I have a piece of java code which does the following -
Opens a file with data in format {A,B,C} and each file has approx. 5000000 lines.
For each line in file, call a service that gives a column D and append it to {A,B,C} as {A,B,C,D}.
Write this entry into a chunkedwriter that eventually groups together 10000 lines to write back chunk to a remote location
Right now the code is taking 32 hours to execute. This process would again get repeated across another file which hypothetically takes another 32 hours but we need these processes to run daily.
Step 2 is further complicated by the fact that sometimes the service does not have D but is designed to fetch D from its super data store so it throws a transient exception asking you to wait. We have retries to handle this so an entry could technically be retried 5 times with a max delay of 60000 millis. So we could be looking at 5000000 * 5 in worst case.
The combination of {A,B,C} are unique and thus result D can't be cached and reused and a fresh request has to be made to get D every time.

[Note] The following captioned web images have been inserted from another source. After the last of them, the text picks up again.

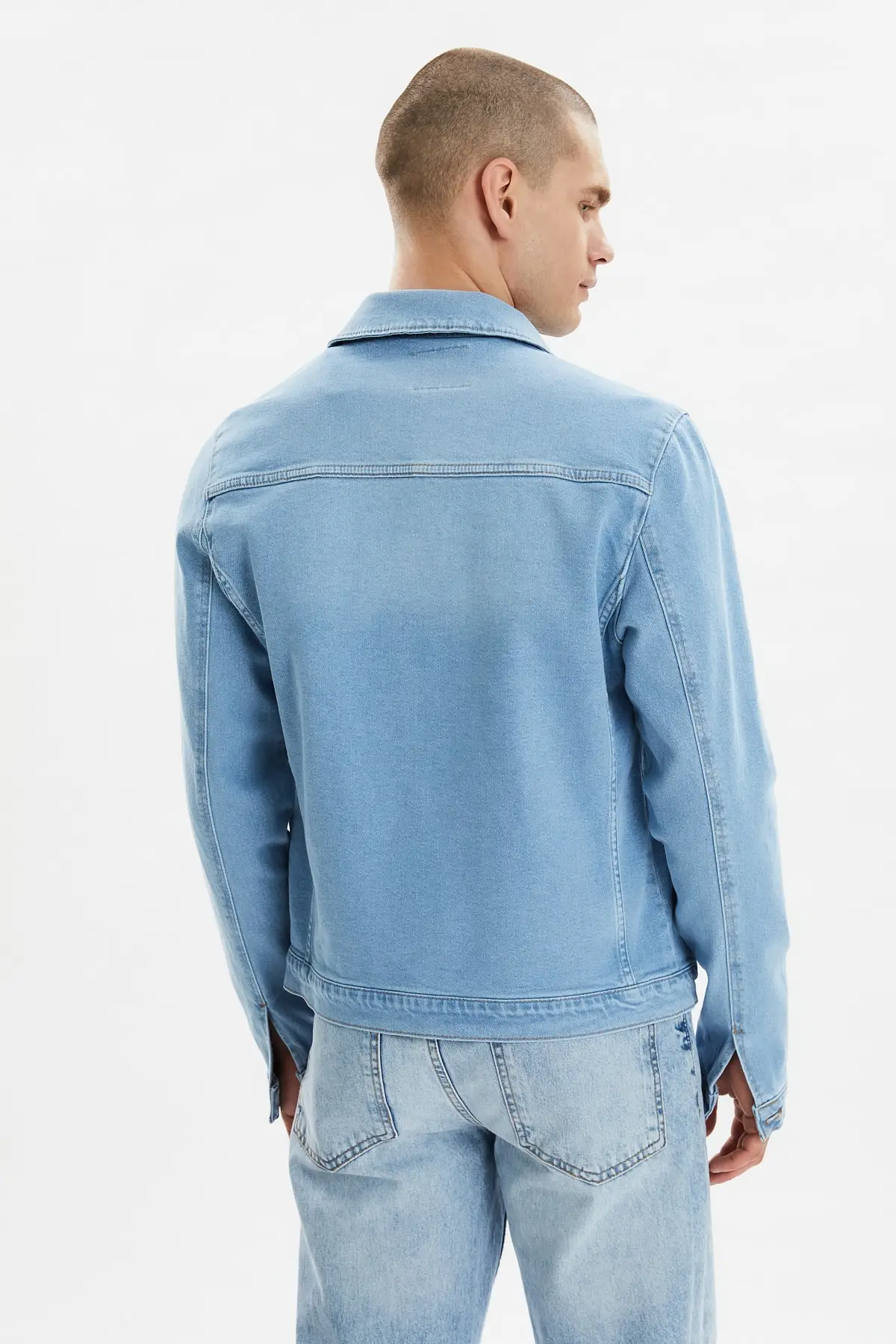 

Trendyol Male Destroylu Pocket Zipper Denim Jacket TMNSS21CE0271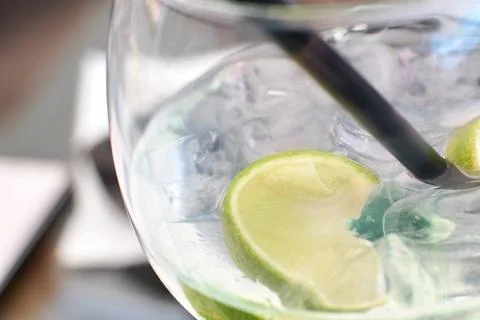 Close-up of a refreshing gin and tonic cocktail with fresh lime slices and ic Stock Photos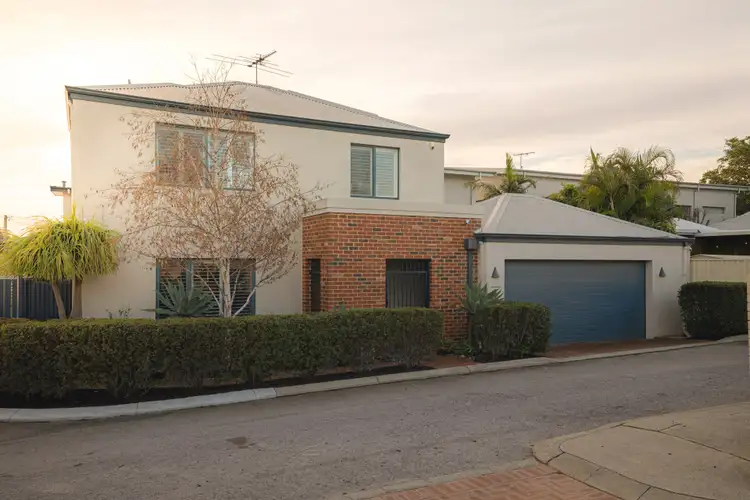 7A Morrison Street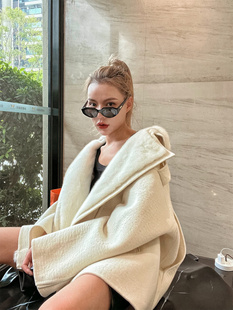 AP姐姐街头潮搭 羊绒水貂毛大衣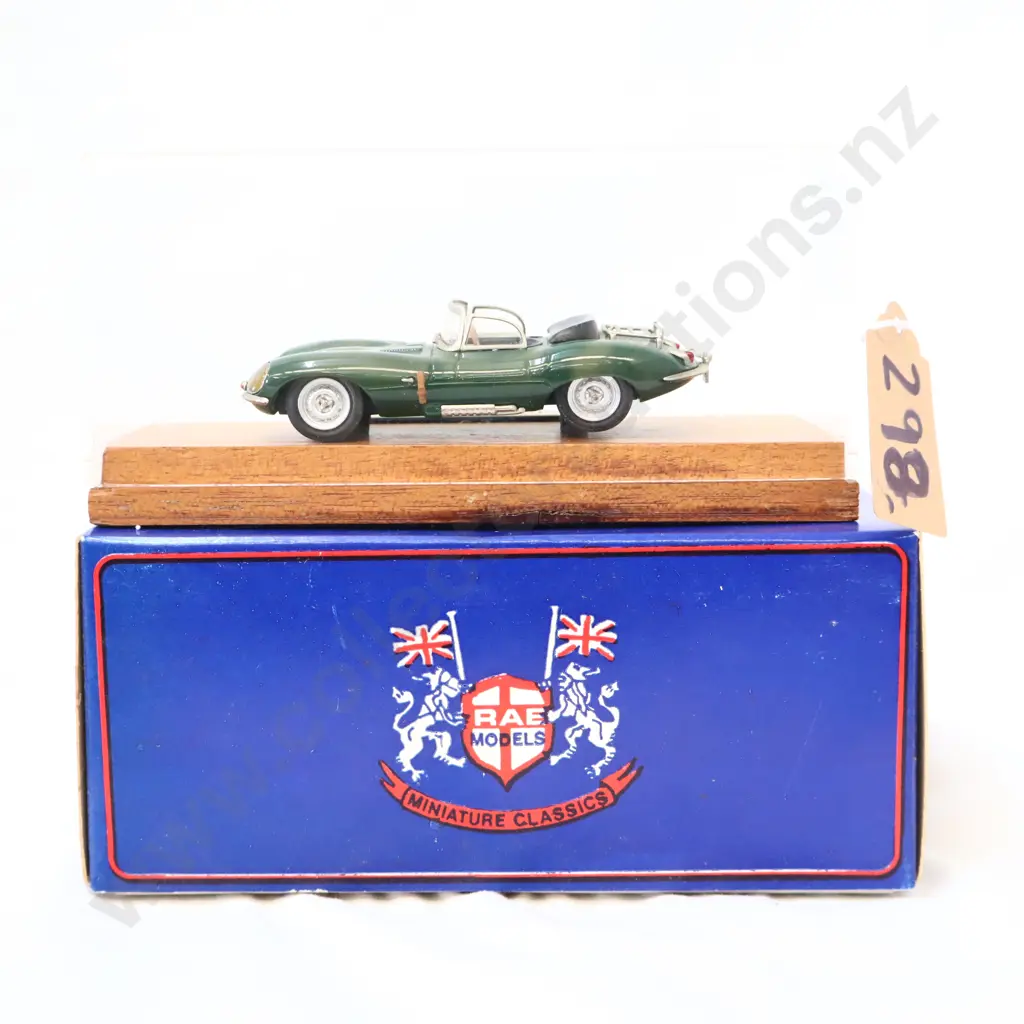 1/43 RAE Models Jaguar XKSS Image 1++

I've tried adding threads like this:
temporaryFile = File.createTempFile(key, ".tmp");
Files.copy(stream, temporaryFile.toPath(),
StandardCopyOption.REPLACE_EXISTING);
reader = new BufferedReader(new InputStreamReader(new
FileInputStream(temporaryFile), StandardCharsets.UTF_8));
String entry;
while ((entry = reader.readLine()) != null) {
final String finalEntry = entry;
service.execute(() -> {
try {
processEntry(finalEntry);
} catch (Exception e) {
log.error("something");
});
count++;
}
Here processEntry method abstracts the implementation details explained above and threads are defined as
ExecutorService service = Executors.newFixedThreadPool(10);
The problem I'm having is the first set of threads spin up but the process doesn't wait until all threads finish their work and all 5000000 lines are complete. So the task that used to wait for completion for 32 hours now ends in <1min which messes up our system's state. Are there any alternative ways to do this? How can I make process wait on all threads completing?
Think about using ExecutorCompletionService if you want to take tasks as they complete you need an ExecutorCompletionService. This acts as a BlockingQueue that will allow you to poll for tasks as and when they finish.
Another solution is to wait the executor termination then you shut it down using:
ExecutorService service = Executors.newFixedThreadPool(10);
service .shutdown();
while (!service .isTerminated()) {}
One alternative is to use a latch to wait for all the tasks to complete before you shutdown the executor on the main thread.
Initialize a CountdownLatch with 1.
After you exit the loop that submits the tasks, you call latch.await();
In the task you start you have to have a callback on the starting class to let it know when a task has finished.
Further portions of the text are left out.